What the exercise asks: Whenever a line below holds the word "Solid", copy that line.

Data for the task:
'''

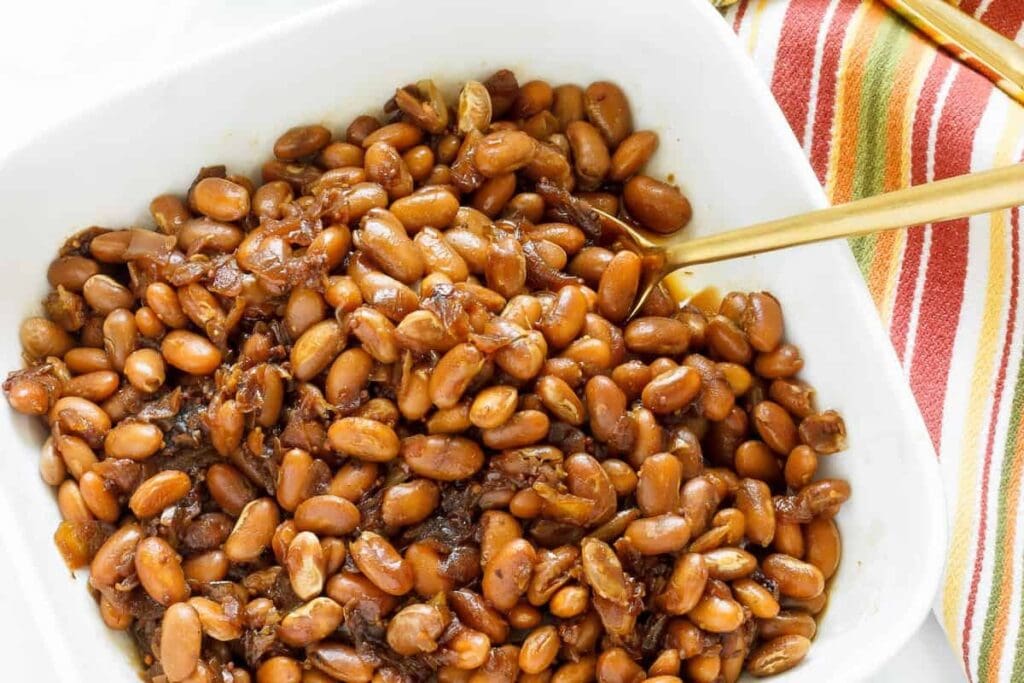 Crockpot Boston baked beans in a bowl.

'''
'''

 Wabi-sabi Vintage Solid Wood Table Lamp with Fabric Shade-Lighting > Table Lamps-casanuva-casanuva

'''
'''

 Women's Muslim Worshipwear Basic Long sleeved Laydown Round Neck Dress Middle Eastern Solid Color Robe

'''

Completed exercise:
 Wabi-sabi Vintage Solid Wood Table Lamp with Fabric Shade-Lighting > Table Lamps-casanuva-casanuva
 Women's Muslim Worshipwear Basic Long sleeved Laydown Round Neck Dress Middle Eastern Solid Color Robe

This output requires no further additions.